Entries must be copied exactly, with nothing left out.

(Saved entries)
- - - -
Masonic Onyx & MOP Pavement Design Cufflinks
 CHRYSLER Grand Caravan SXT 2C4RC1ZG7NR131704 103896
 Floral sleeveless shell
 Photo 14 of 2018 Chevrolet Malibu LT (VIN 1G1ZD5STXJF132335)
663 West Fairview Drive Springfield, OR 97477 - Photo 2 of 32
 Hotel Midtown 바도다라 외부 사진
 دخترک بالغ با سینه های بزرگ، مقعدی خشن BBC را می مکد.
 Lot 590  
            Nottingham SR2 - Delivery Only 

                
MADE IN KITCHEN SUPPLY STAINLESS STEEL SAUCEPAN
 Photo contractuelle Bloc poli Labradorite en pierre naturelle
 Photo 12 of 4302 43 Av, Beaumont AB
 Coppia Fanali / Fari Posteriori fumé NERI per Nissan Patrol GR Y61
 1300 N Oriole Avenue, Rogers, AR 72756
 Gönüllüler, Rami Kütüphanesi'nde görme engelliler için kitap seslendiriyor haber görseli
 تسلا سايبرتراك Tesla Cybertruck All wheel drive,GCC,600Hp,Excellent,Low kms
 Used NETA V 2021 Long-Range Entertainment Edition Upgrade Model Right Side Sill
- - - -
[Output for this task]
Masonic Onyx & MOP Pavement Design Cufflinks
 CHRYSLER Grand Caravan SXT 2C4RC1ZG7NR131704 103896
 Floral sleeveless shell
 Photo 14 of 2018 Chevrolet Malibu LT (VIN 1G1ZD5STXJF132335)
663 West Fairview Drive Springfield, OR 97477 - Photo 2 of 32
 Hotel Midtown 바도다라 외부 사진
 دخترک بالغ با سینه های بزرگ، مقعدی خشن BBC را می مکد.
 Lot 590  
            Nottingham SR2 - Delivery Only 

                
MADE IN KITCHEN SUPPLY STAINLESS STEEL SAUCEPAN
 Photo contractuelle Bloc poli Labradorite en pierre naturelle
 Photo 12 of 4302 43 Av, Beaumont AB
 Coppia Fanali / Fari Posteriori fumé NERI per Nissan Patrol GR Y61
 1300 N Oriole Avenue, Rogers, AR 72756
 Gönüllüler, Rami Kütüphanesi'nde görme engelliler için kitap seslendiriyor haber görseli
 تسلا سايبرتراك Tesla Cybertruck All wheel drive,GCC,600Hp,Excellent,Low kms
 Used NETA V 2021 Long-Range Entertainment Edition Upgrade Model Right Side Sill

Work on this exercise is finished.